Harold Check: Can you give me a little background on Feedster?
Scott Rafer: I'm not one of the founders. I founded a similar company in 1998?called Fresher. Scott Johnson and François Schiettecatte had much better timing. They were both doing a lot of blogging, and were both real search guys?going fifteen years back apiece. They just started putting together engines, separately?they didn't know each other yet. One of them was really nice to use, and one of them was really nice on the back-end, in terms of scalability. Then Scott and François found each other, and now we have something that looks okay that also works pretty well.
So, we're a new search engine. There's all this meshugaas about blogger tools and all that, and bloggers are our core audience. They're really important to us. They give us all the information that we have. But our job, really, is to bring it into the mainstream.

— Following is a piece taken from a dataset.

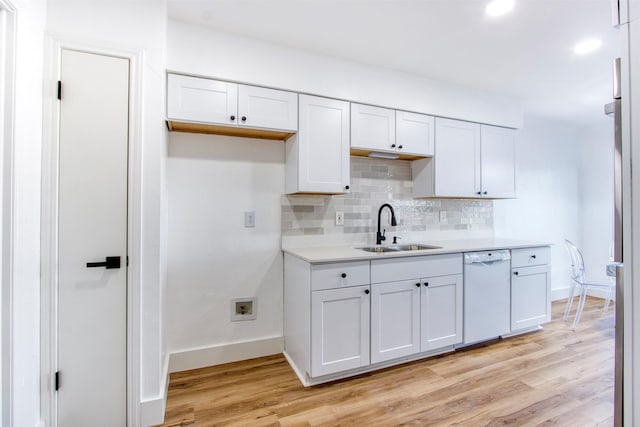 kitchen featuring light wood-type flooring, white cabinetry, white dishwasher, and a sink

We've got these 615,000 sources, as of this morning. (It's always at the bottom of the
homepage.) News search has about 5,000 sources, today. But news habits are changing. So, when the explosions happened
in Madrid, it was okay to go to CNN and it was okay to go to Google News, but if you wanted to also find out what
Madrileños on the ground were saying then that's when people came to us. That's becoming a much bigger part of
people's news habits.
Depending on people's politics, they don't believe Fox News or they don't believe the New York Times, or both. In aggregate, what RSS covers out there is much closely to accurate, not in the individual posting, but overall, than any single news outlet going to be. So our job is to grow up and go compete with the Google News and Yahoo! News and really become a search engine at that level.

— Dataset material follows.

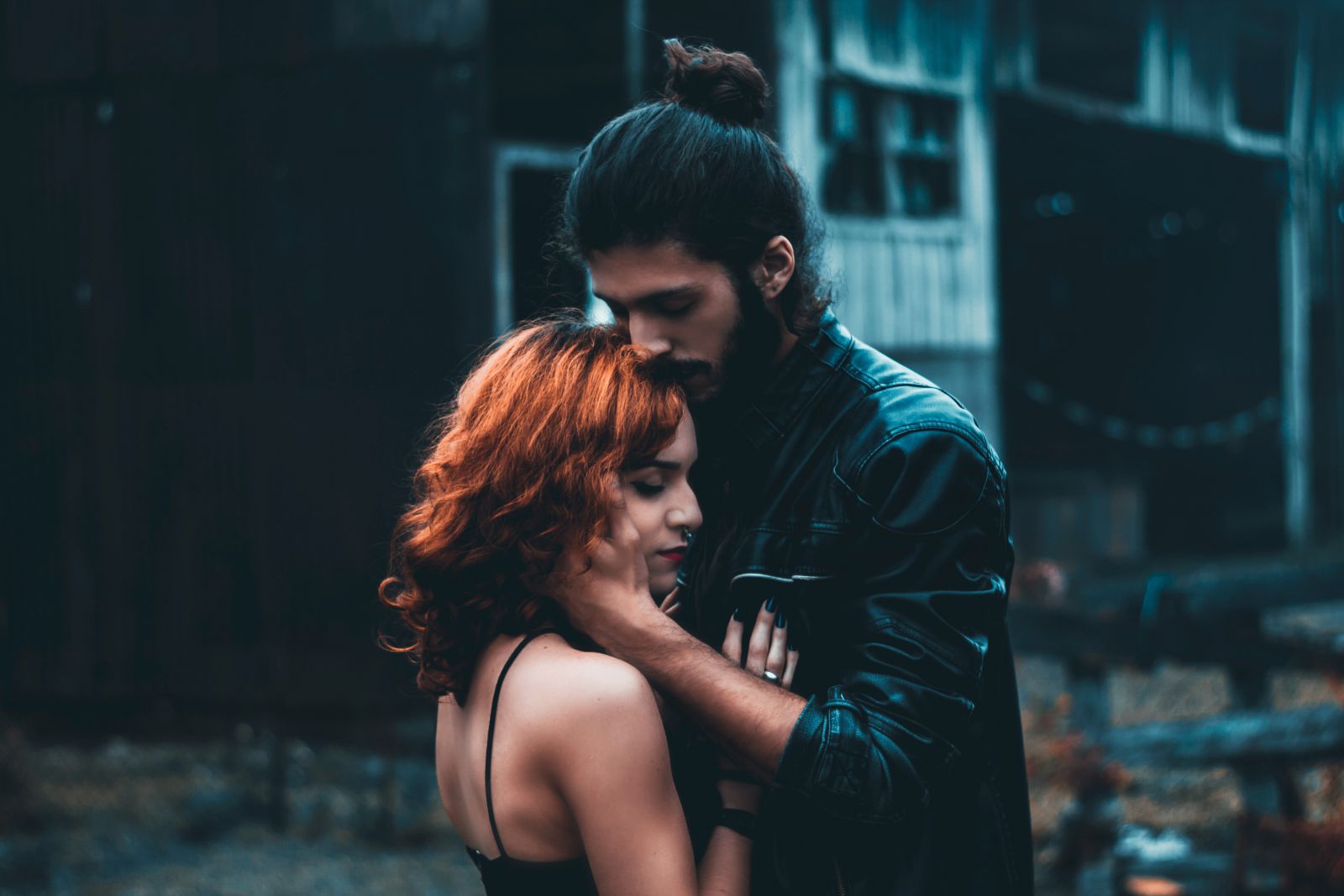 Casal de olhos fechados se abraçando na rua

HC: As a search engine, your business is mainly ad-driven. How does that work in the universe you inhabit, especially in regards to feed readers?
SR: Well, you need to separate here. Most of our business is web pages. You have an RSS aggregator and I have an RSS aggregator. A lot of the people we talk to everyday have RSS aggregators. That makes us weird. It's still unusual. We are still early adopters.

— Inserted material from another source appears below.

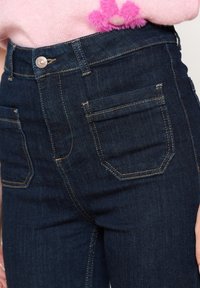 Vaqueros ajustados de mezclilla azul oscuro con cintura alta, cinco bolsillos y detalles de costura visibles. La tela parece elástica y suave.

HC: But it will be increasingly less weird, right?
SR: Right. And I'm very happy about that because we put out more feeds than anyone else on the planet. We have greater diversity of feeds going out than anyone else. And we'll eventually make a lot of money on that. However, eating in the mean time is really important, and showing month-over-month financial results in addition to dot-com-like traffic results are very important, from a business point of view.
We'll have a real business in being a publisher for one of the big ad engines, and that's just on the HTML side. For a long time, that'll be the primary revenue stream. You'll see that from us very soon. I can't imagine that's going to be very controversial.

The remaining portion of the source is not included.